Loading ...
Sorry, an error occurred while loading the content.
 

Re: [neat] Re: IEX musings

Expand Messages
  • Colin Green
    ... [thinking cap on] With a 3x3 grid there are 14 different possible sets of inputs right, so 9 individual squares + 4 (groups of 4) + 1 for the whole 9
    Message 1 of 15 , Sep 1, 2004
      John Arrowwood wrote:

      >>From: Colin Green <cgreen@...>
      >>
      >>John Arrowwood wrote:
      >>
      >>
      >>
      >>> <>If someone else
      >>> would be willing to give this experiment a try with their version of
      >>> NEAT
      >>> (just this 3x3 grid prediction) and let it run for a few days to see if
      >>>
      >>The problem seems straight forward enough. Yeh OK I'll have a look at
      >>implementing it in SharpNEAT. What do you recon, should I used a fixed
      >>number of activations per evaluation or should I relax the network -
      >>which allows for open-ended recursiveness. Maybe I'll try a few
      >>variations and see what happens eh. I'll try and kick it off tomorrow eve.
      >>
      >>
      >
      >Cool. Thanks!
      >
      >Yeah, it's pretty straight forward. I'll upload mux.pl to the group web
      >site so you can have a reference to make sure you are using the same inputs
      >and the same fitness function.
      >
      >
      [thinking cap on] With a 3x3 grid there are 14 different possible sets
      of inputs right, so 9 individual squares + 4 (groups of 4) + 1 for the
      whole 9 together.
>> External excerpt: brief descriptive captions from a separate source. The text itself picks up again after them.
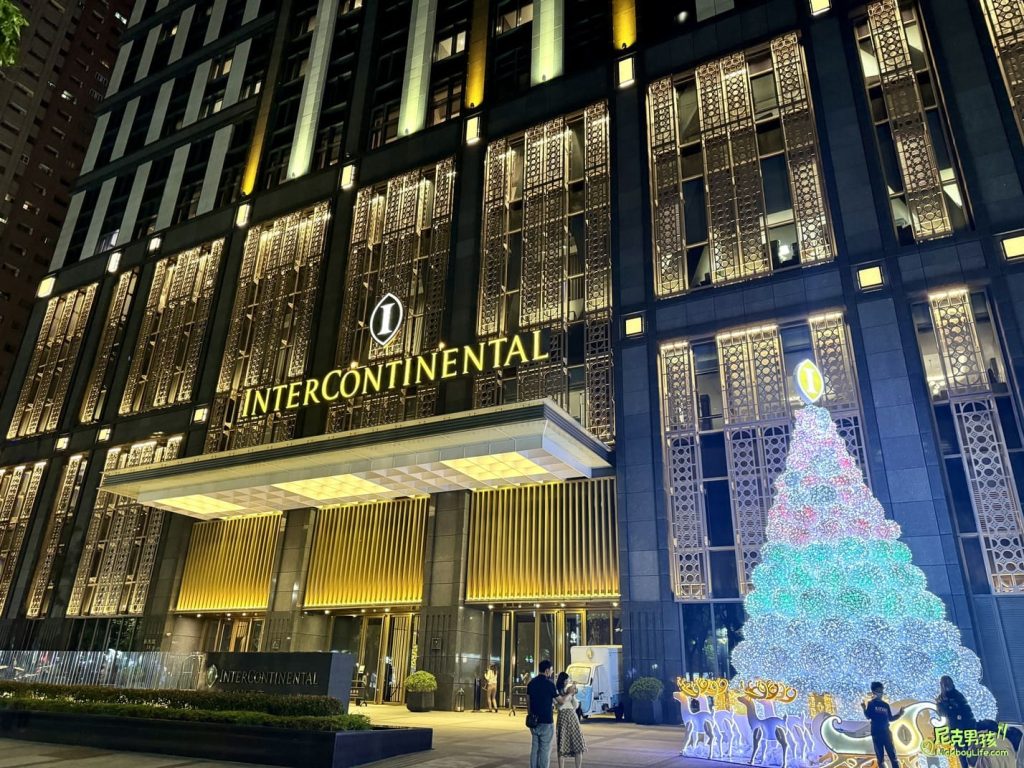 【高雄洲際酒店】2023超應景多顆雪球組成的聖誕樹,還有麋鹿跟雪橇完美結合,讓今年聖誕節與寒冷的冬天季節互相聯繫在一起|打狗活動 24 IMG 2476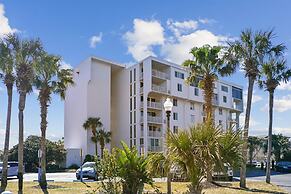 Dolphin Point 103b 2 Bedroom Condo by RedAwning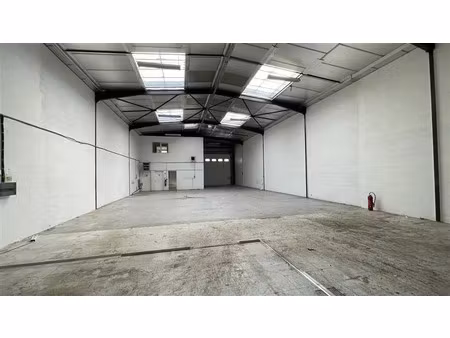 local d'activités a louer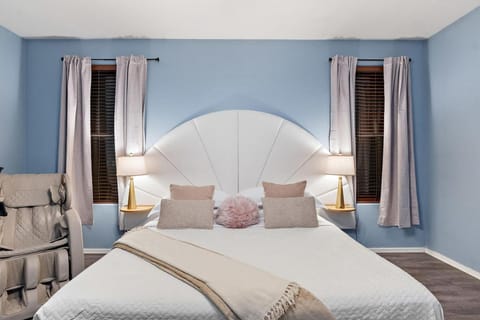 Chill & Thrill | Pool, Hot Tub • Family Game Villa Villa in Casa Grande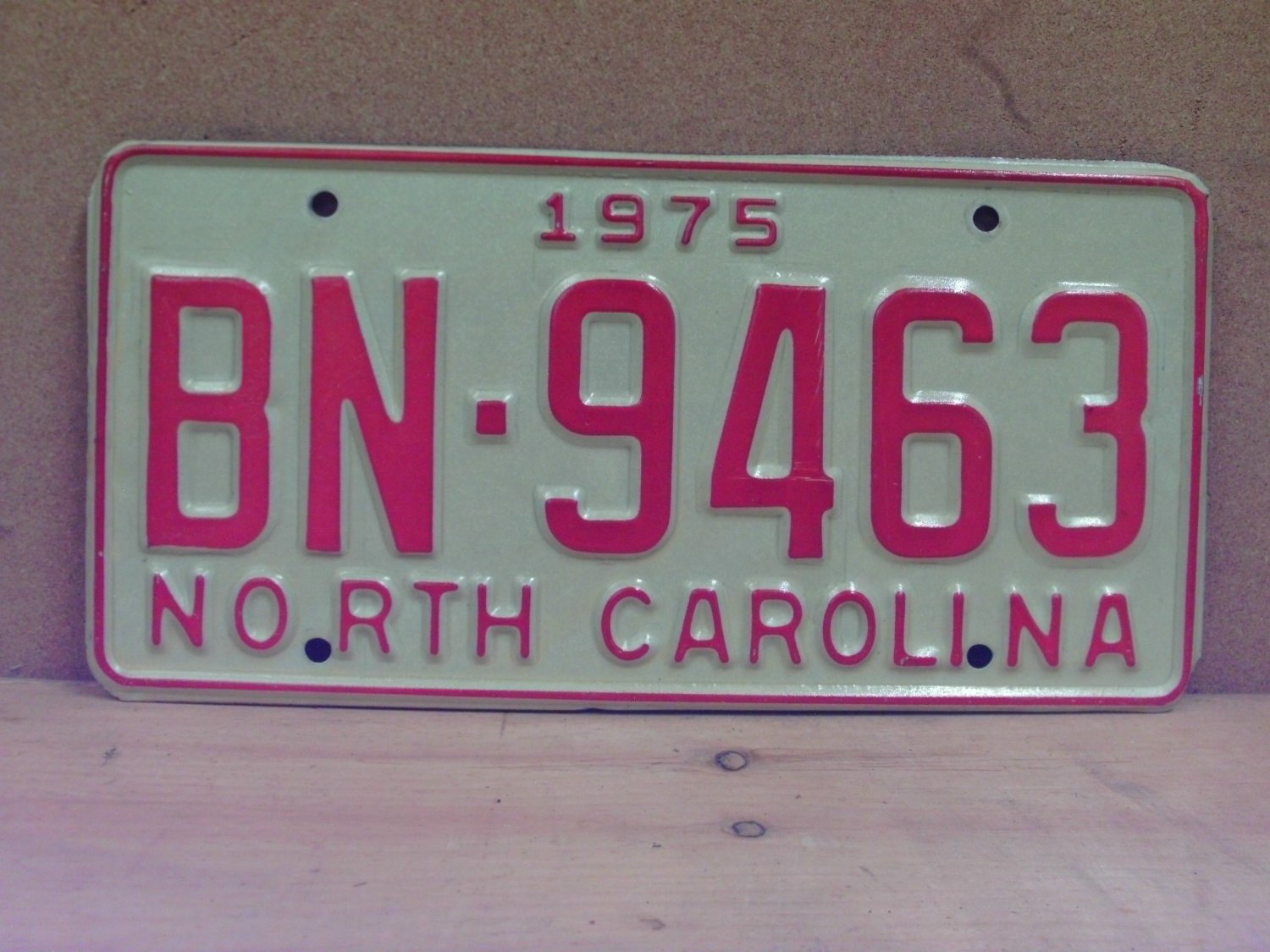 1975 North Carolina YOM License Plate Tag NC EX BN-9463 NC6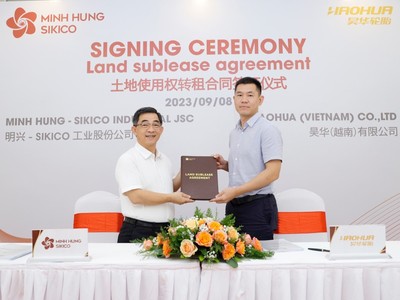 Lễ ký kết hợp đồng thuê lại đất giữa Công ty TNHH HAOHUA (Việt Nam) và chủ Kl99ok phiên bản mới KCN Minh Hưng Sikico diễn ra ngày 8/9. 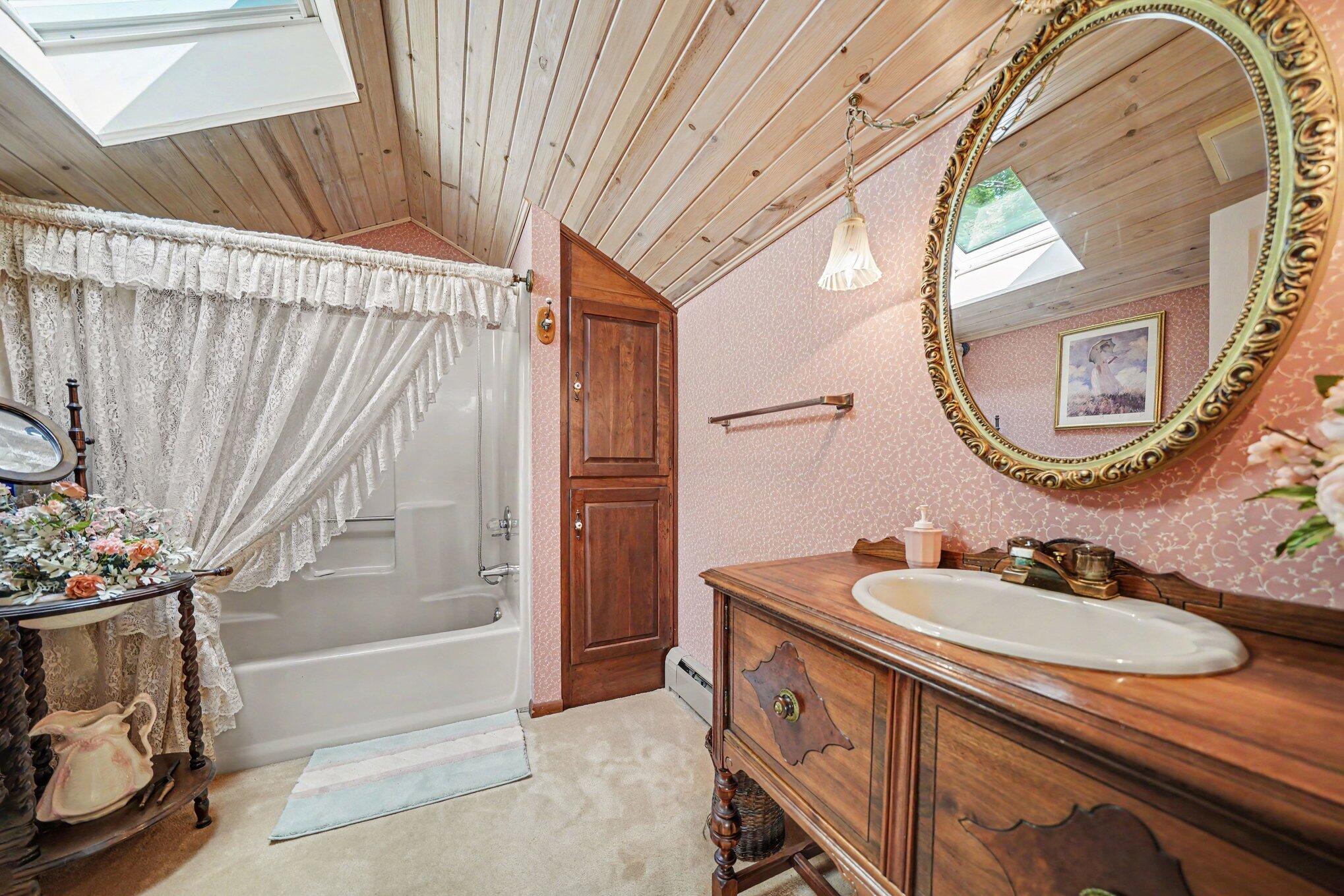 2913 Grange Road Berrien Springs, MI 49103 - Photo 19 of 36 021_file_1331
With such a small number of possibilities it's highly
      likely that a solution will be found by classifying each of these 14
      groups, e.g. 14 hidden nodes each representing one of the groups.
      However this classification approach doesn't scale well, with a 4x4 grid
      the number of possible groupings becomes 30 (hope i got that right) and
      with a 5x5 there are 55, so we can see that this will quickly become an
      unfeasable technique.

      My point is that this problem will probably be solved using a structrue
      that takes advantage of the small number of inputs and that wouldn't
      work with a larger number of inputs. Anyway I'll give it a go and try to
      code it so I can vary the grid size and experiment with larger grids as
      well.

      Colin.
    • Colin Green
      ... Here are some results using the very basic test domain John described. This is after about 40k gens, say 30-45 mins (not keeping track of time)... Coords
      Message 2 of 15 , Sep 1, 2004
        Colin Green wrote:

        >[...]
        >My point is that this problem will probably be solved using a structrue
        >that takes advantage of the small number of inputs and that wouldn't
        >work with a larger number of inputs.
        >
        >
        Here are some results using the very basic test domain John described.
        This is after about 40k gens, say 30-45 mins (not keeping track of time)...

        Coords
        (0.0, 0.0)(0.3, 0.3) expected= 1.00, actual=1.00, diff=0.000
        (0.3, 0.0)(0.7, 0.3) expected= 2.00, actual=2.00, diff=0.003
        (0.7, 0.0)(1.0, 0.3) expected= 3.00, actual=2.94, diff=0.057
        (0.0, 0.3)(0.3, 0.7) expected= 2.00, actual=2.00, diff=0.000
        (0.3, 0.3)(0.7, 0.7) expected= 2.00, actual=1.99, diff=0.008
        (0.7, 0.3)(1.0, 0.7) expected= 3.00, actual=3.00, diff=0.002
        (0.0, 0.7)(0.3, 1.0) expected= 3.00, actual=2.99, diff=0.008
        (0.3, 0.7)(0.7, 1.0) expected= 3.00, actual=3.00, diff=0.003
        (0.7, 0.7)(1.0, 1.0) expected= 3.00, actual=3.05, diff=0.049
        (0.0, 0.0)(0.7, 0.7) expected= 1.75, actual=1.77, diff=0.017
        (0.3, 0.0)(1.0, 0.7) expected= 2.50, actual=2.60, diff=0.103
        (0.0, 0.3)(0.7, 1.0) expected= 2.50, actual=2.48, diff=0.024
        (0.3, 0.3)(1.0, 1.0) expected= 2.75, actual=2.65, diff=0.103
        (0.0, 0.0)(1.0, 1.0) expected= 2.44, actual=2.46, diff=0.013


        The figures are rounded so don't worry about the 0.7, that is two thirds :)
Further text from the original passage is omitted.